Does leasing a car make sense for you?
It will benefit you more to lease than buying if you:
• Don’t have enough money to buy the car
• Want to drive a car that you cannot afford
• Won’t likely go beyond the mileage cap in a contract—typically between 10,000 and 15,000 miles yearly
• Can take excellent care of the car’s exterior and interior, making sure you avoid nicks, spills and other cosmetic damage
• Want to lease another vehicle when your car’s present contract expires
Do you want to lease a car? See three Tips on how you can do it cheap:
1. Opt for cars that hold their value
Remember that when you lease a vehicle, you are not just paying for its lease. You are also paying for its depreciation, interest, tax and a few fees. Therefore, if you go for a car that holds its value, or does not depreciate like some orders, your lease payment will be lower.

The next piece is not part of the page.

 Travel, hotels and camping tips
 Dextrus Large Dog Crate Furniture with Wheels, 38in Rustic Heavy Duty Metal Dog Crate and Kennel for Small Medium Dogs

When it comes to a car lease, a car that has good resale value has a definite “residual value.” What this means is the residual the amount remaining is still high when your lease term has ended. A lot of car websites and magazines publish a list of good lease cars every year. Search for “best residual values” on the internet. Many cars come with a three-year residual value of just 45%, while the 2016 Toyota Tacoma that has a residual value of 72.9% received the Kelley Blue Book’s Best Resale Value award.
2. Go for your best deal
Although you might have asked for quotes for the same car from some dealers, it might be very confusing to try to compare them. The reason might be that the vehicle a dealer has in stock comes with different options. For instance, a car may cost $22,000, while another is selling for $25,000 but is a much better deal because it has improved features, such as leather seats.
3. Request for lease payments and close the deal
Go for the car that has the best sales price, and has the color and options you prefer, and then talk with the salesperson that gave you the quote. Tell the person you have decided to lease the car. Request for lease payments at the sales price he quoted.
Take note: Make sure you set the terms. Inform the salesperson that you want a 36-month lease, with 12,000 miles and $1,000 in drive-off fees. Also, tell the salesperson to tell you the interest rate, which the lease is based on. In lease-speak, the interest rate is referred to as the lease factor or money factor. (Clue: With the aid of a lease calculator, check how your monthly payment changes based on the sale price, lease factor and others.)
If the monthly payments agree with your budget, then you are just about ready to strike the deal. However, before you do, tell the salesperson to deliver the car to you instead of picking it up at the dealership. In this way, you will avoid waiting at the dealership and receive upsells in the finance and insurance office.
Dealerships would not want to deliver cars. However, if you make your acceptance of the lease deal conditional on the delivery of the vehicle, they might decide to make an exception.